Balıklar pişti. Diğer her şey masada yerini buldu. Halit kendini sandalyeye attığında yorulduğunu yeni yeni fark ediyordu. "Yaşlanıyorum," dedi iç çekerek.

Savaş bu yakarışa gülmeden edemedi. Halit'in yanında her zaman gülebilirdi. Ondan saklayacak bir yüzü ya da kimliği yoktu. En doğal haliyle onun karşısındaydı.

"Daha çok yolun var," dedi Savaş kendi sözlerine inanarak. Masadaki kadehleri doldurdu. Bu gece sarhoş olmayı düşünmüyordu ama en azından kafasını biraz olsun dağıtmalıydı.

"Üzgün görünüyorsun," dedi Halit alayla. Her zaman birbirlerinin varlığından yakındıklarını dile getirseler de kimsenin gitmeye niyeti yoktu.

"Biraz," dedi Savaş işaret parmağı ile baş parmağını birbirine yakınlaştırarak. Tek gözünü kapatmış, parmaklarının arasındaki boşluktan Halit'e bakıyordu.

Halit onun bu haline güldü. Koca göbeği gülüşüyle sallandığında acıktığını fark etmişti. "Yiyelim."

İkisi de bir süre konuşmadan yemeklerini yediler. Bütün gün bir şey yememenin acısını çıkartıyorlardı. İlk balıkları bittiğinde, ikisi de kadehlerini nefes almadan kafalarına diktiler.

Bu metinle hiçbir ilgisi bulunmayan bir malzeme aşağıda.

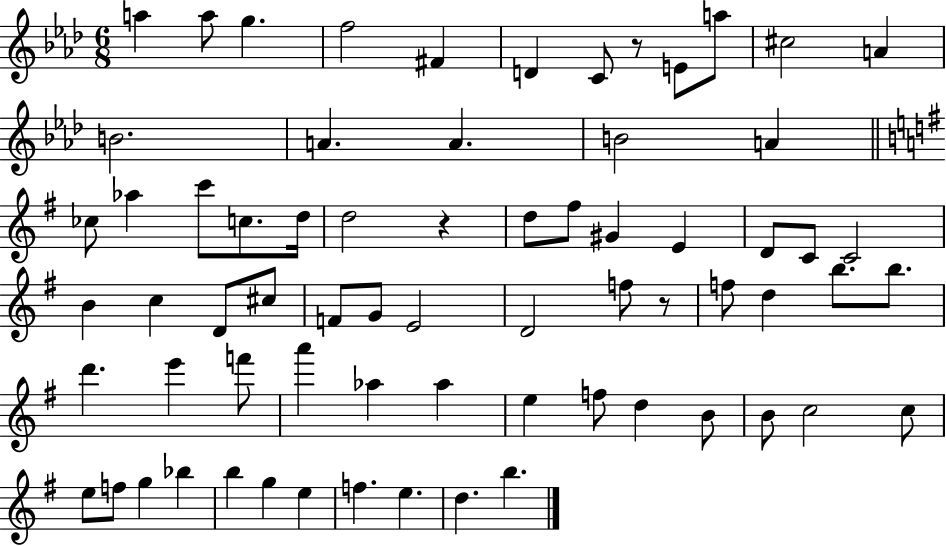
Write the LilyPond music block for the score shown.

{
  \clef treble
  \numericTimeSignature
  \time 6/8
  \key aes \major
  a''4 a''8 g''4. | f''2 fis'4 | d'4 c'8 r8 e'8 a''8 | cis''2 a'4 | \break b'2. | a'4. a'4. | b'2 a'4 | \bar "||" \break \key g \major ces''8 aes''4 c'''8 c''8. d''16 | d''2 r4 | d''8 fis''8 gis'4 e'4 | d'8 c'8 c'2 | \break b'4 c''4 d'8 cis''8 | f'8 g'8 e'2 | d'2 f''8 r8 | f''8 d''4 b''8. b''8. | \break d'''4. e'''4 f'''8 | a'''4 aes''4 aes''4 | e''4 f''8 d''4 b'8 | b'8 c''2 c''8 | \break e''8 f''8 g''4 bes''4 | b''4 g''4 e''4 | f''4. e''4. | d''4. b''4. | \break \bar "|."
}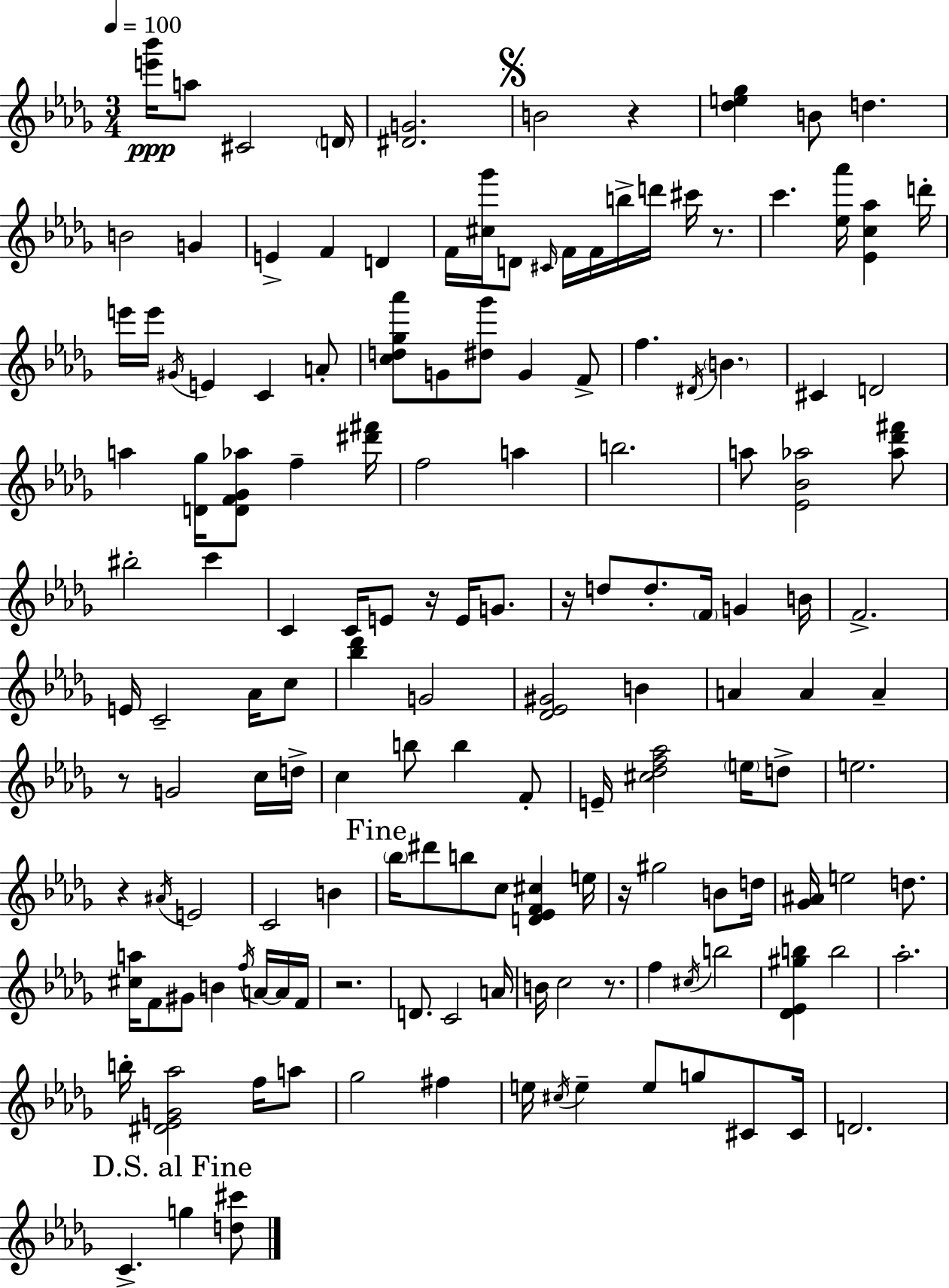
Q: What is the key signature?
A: BES minor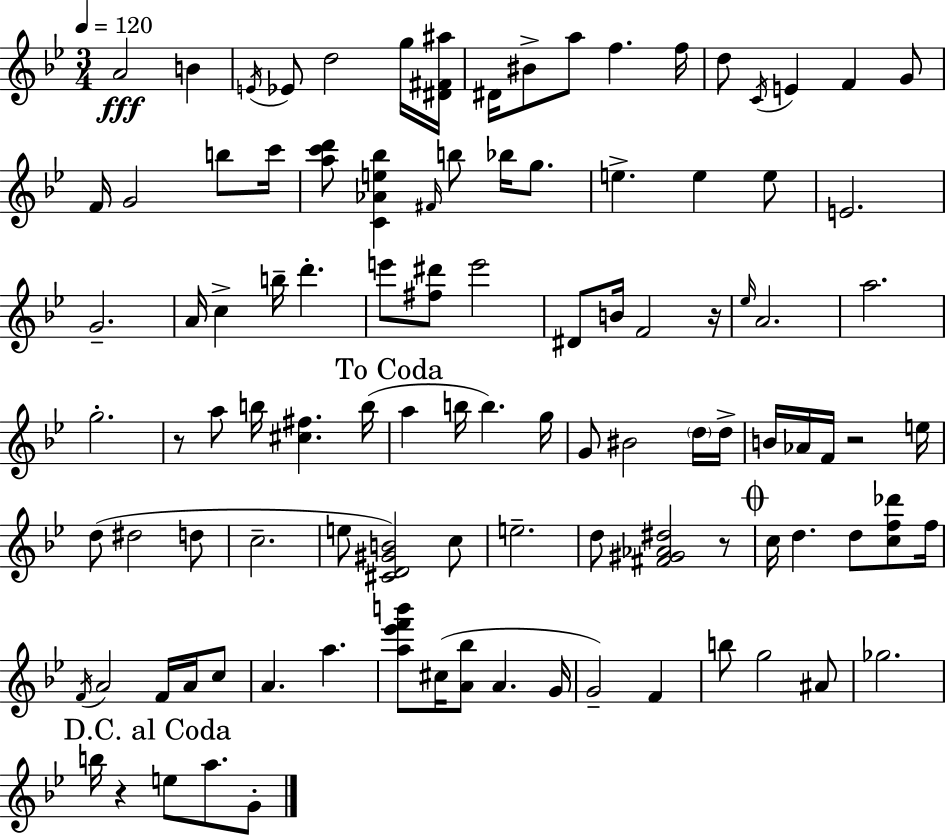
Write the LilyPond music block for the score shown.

{
  \clef treble
  \numericTimeSignature
  \time 3/4
  \key bes \major
  \tempo 4 = 120
  a'2\fff b'4 | \acciaccatura { e'16 } ees'8 d''2 g''16 | <dis' fis' ais''>16 dis'16 bis'8-> a''8 f''4. | f''16 d''8 \acciaccatura { c'16 } e'4 f'4 | \break g'8 f'16 g'2 b''8 | c'''16 <a'' c''' d'''>8 <c' aes' e'' bes''>4 \grace { fis'16 } b''8 bes''16 | g''8. e''4.-> e''4 | e''8 e'2. | \break g'2.-- | a'16 c''4-> b''16-- d'''4.-. | e'''8 <fis'' dis'''>8 e'''2 | dis'8 b'16 f'2 | \break r16 \grace { ees''16 } a'2. | a''2. | g''2.-. | r8 a''8 b''16 <cis'' fis''>4. | \break b''16( \mark "To Coda" a''4 b''16 b''4.) | g''16 g'8 bis'2 | \parenthesize d''16 d''16-> b'16 aes'16 f'16 r2 | e''16 d''8( dis''2 | \break d''8 c''2.-- | e''8 <cis' d' gis' b'>2) | c''8 e''2.-- | d''8 <fis' gis' aes' dis''>2 | \break r8 \mark \markup { \musicglyph "scripts.coda" } c''16 d''4. d''8 | <c'' f'' des'''>8 f''16 \acciaccatura { f'16 } a'2 | f'16 a'16 c''8 a'4. a''4. | <a'' ees''' f''' b'''>8 cis''16( <a' bes''>8 a'4. | \break g'16 g'2--) | f'4 b''8 g''2 | ais'8 ges''2. | \mark "D.C. al Coda" b''16 r4 e''8 | \break a''8. g'8-. \bar "|."
}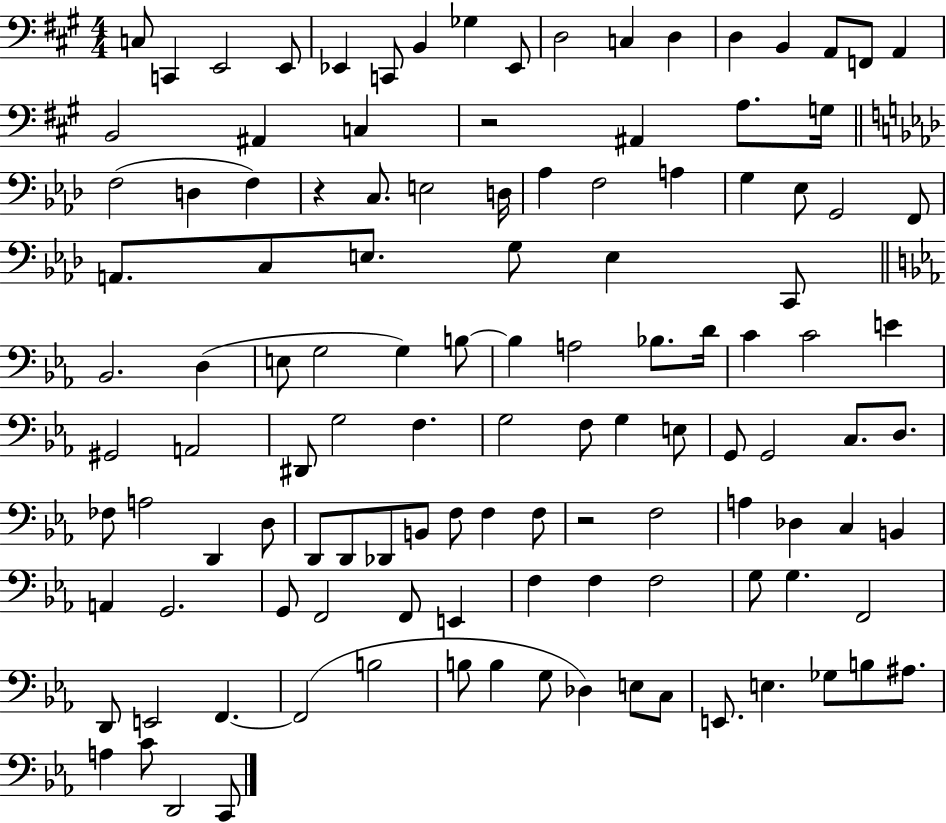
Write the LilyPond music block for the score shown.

{
  \clef bass
  \numericTimeSignature
  \time 4/4
  \key a \major
  c8 c,4 e,2 e,8 | ees,4 c,8 b,4 ges4 ees,8 | d2 c4 d4 | d4 b,4 a,8 f,8 a,4 | \break b,2 ais,4 c4 | r2 ais,4 a8. g16 | \bar "||" \break \key f \minor f2( d4 f4) | r4 c8. e2 d16 | aes4 f2 a4 | g4 ees8 g,2 f,8 | \break a,8. c8 e8. g8 e4 c,8 | \bar "||" \break \key ees \major bes,2. d4( | e8 g2 g4) b8~~ | b4 a2 bes8. d'16 | c'4 c'2 e'4 | \break gis,2 a,2 | dis,8 g2 f4. | g2 f8 g4 e8 | g,8 g,2 c8. d8. | \break fes8 a2 d,4 d8 | d,8 d,8 des,8 b,8 f8 f4 f8 | r2 f2 | a4 des4 c4 b,4 | \break a,4 g,2. | g,8 f,2 f,8 e,4 | f4 f4 f2 | g8 g4. f,2 | \break d,8 e,2 f,4.~~ | f,2( b2 | b8 b4 g8 des4) e8 c8 | e,8. e4. ges8 b8 ais8. | \break a4 c'8 d,2 c,8 | \bar "|."
}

"Böyle iştahla yediğini görmek güzel," dedi Halit elindeki bardağı masaya bırakarak. Şevkatle bakıyordu Savaş'a.

"Yemekle pek aram olmadığını biliyorsun." Savaş karnını sıvazladı. Ama bugün çok yemişti.

Halit bardakları yeniden doldurdu. "Küçükken de böyleydin," diye mırıldandı. "Hiçbir şey yemezdin." İçkisini tekrar dikledi.

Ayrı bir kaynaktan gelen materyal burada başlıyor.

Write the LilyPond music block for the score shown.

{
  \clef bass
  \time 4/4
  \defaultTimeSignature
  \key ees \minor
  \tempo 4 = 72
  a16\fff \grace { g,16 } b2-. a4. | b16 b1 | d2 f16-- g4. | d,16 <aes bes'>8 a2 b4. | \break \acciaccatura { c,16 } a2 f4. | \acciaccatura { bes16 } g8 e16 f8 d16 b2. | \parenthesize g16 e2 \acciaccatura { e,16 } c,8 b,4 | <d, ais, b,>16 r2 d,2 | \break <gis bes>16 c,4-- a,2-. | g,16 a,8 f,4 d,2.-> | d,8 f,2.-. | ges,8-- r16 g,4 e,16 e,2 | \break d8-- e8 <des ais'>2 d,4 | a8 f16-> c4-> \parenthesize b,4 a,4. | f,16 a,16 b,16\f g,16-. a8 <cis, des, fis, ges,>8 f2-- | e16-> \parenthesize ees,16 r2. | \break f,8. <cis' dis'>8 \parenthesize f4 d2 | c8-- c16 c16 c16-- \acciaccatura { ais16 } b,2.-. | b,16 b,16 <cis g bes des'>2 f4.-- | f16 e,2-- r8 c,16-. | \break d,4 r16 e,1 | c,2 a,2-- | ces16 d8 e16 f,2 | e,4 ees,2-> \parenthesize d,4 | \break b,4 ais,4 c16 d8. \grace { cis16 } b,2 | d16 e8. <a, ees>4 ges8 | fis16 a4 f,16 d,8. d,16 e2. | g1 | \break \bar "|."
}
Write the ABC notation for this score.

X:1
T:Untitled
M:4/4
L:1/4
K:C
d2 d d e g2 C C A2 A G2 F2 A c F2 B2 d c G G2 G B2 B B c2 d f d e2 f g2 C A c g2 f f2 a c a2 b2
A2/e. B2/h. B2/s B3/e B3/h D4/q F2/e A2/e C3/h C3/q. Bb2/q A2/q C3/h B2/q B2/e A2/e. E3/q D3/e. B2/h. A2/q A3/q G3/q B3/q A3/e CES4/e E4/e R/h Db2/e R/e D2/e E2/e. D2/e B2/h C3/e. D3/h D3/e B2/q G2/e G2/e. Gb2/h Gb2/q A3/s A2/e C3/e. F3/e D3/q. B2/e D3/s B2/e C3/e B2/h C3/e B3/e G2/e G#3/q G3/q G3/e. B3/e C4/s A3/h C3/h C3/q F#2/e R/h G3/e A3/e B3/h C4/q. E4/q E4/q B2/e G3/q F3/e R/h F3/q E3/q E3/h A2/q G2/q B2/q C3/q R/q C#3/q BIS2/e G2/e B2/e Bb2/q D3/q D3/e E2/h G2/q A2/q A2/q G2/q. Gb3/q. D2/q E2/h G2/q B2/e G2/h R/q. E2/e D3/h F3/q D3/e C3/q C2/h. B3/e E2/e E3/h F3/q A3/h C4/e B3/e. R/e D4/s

"Benimle yaşamak zor olmuştur," dedi Savaş. Amacı ortamın huzurunu kaçırmak değildi ama sürekli bunu düşünmeden edemiyordu. "Senin için sadece yük oldum."

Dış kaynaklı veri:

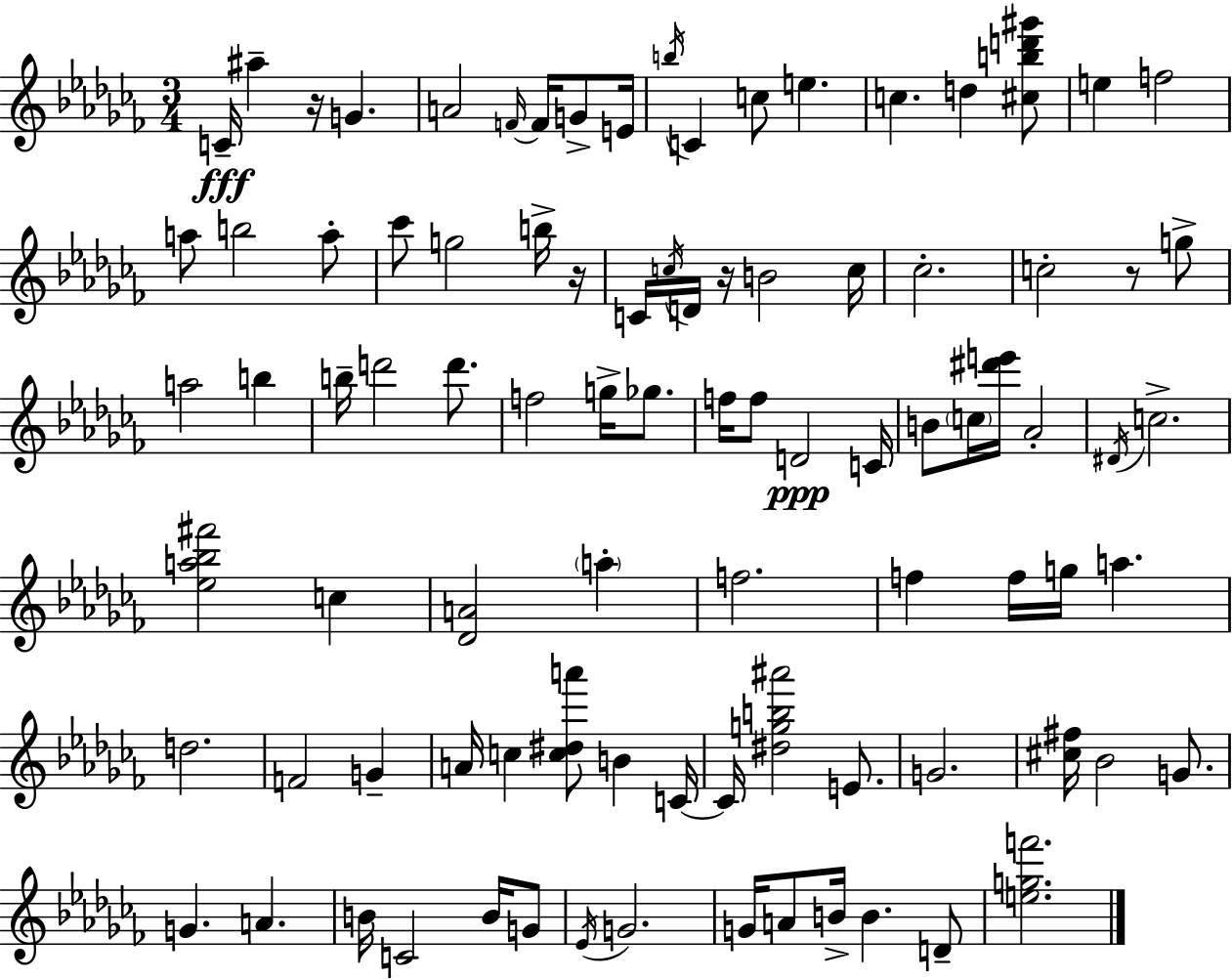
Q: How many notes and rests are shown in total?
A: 91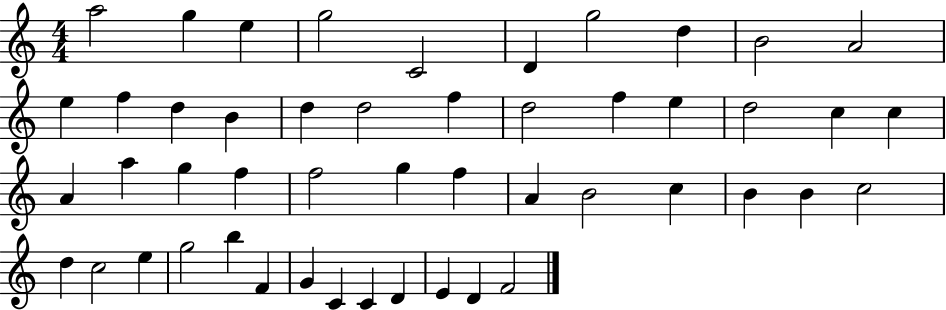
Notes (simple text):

A5/h G5/q E5/q G5/h C4/h D4/q G5/h D5/q B4/h A4/h E5/q F5/q D5/q B4/q D5/q D5/h F5/q D5/h F5/q E5/q D5/h C5/q C5/q A4/q A5/q G5/q F5/q F5/h G5/q F5/q A4/q B4/h C5/q B4/q B4/q C5/h D5/q C5/h E5/q G5/h B5/q F4/q G4/q C4/q C4/q D4/q E4/q D4/q F4/h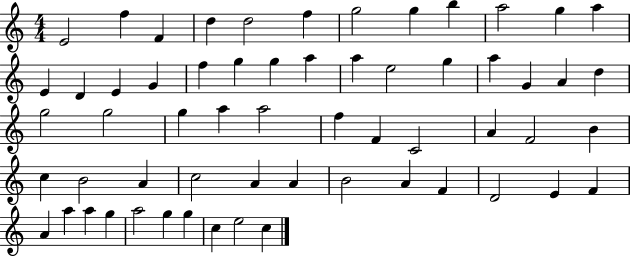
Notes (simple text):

"Hiçte bile!" dedi Halit kaşlarını çatarak. "Bir daha böyle şeyler söylersen kızacağım." Ciddiydi. Savaş ise Halit'in kızmasını hiç istemiyordu çünkü sinirliyken gerçekten çekilmez bir adam oluyordu.

Savaş dolu kadehini bir kez daha kafasına dikledi ve boş bardağı masaya koydu. "Anlatsana biraz daha," dedi bir umutla.

Çocukluğundan bahsettiğini anladımıştı Halit. Ama derin bir iç çekti. "Kaç kere anlattık be oğlum," dedi mızmızlanarak.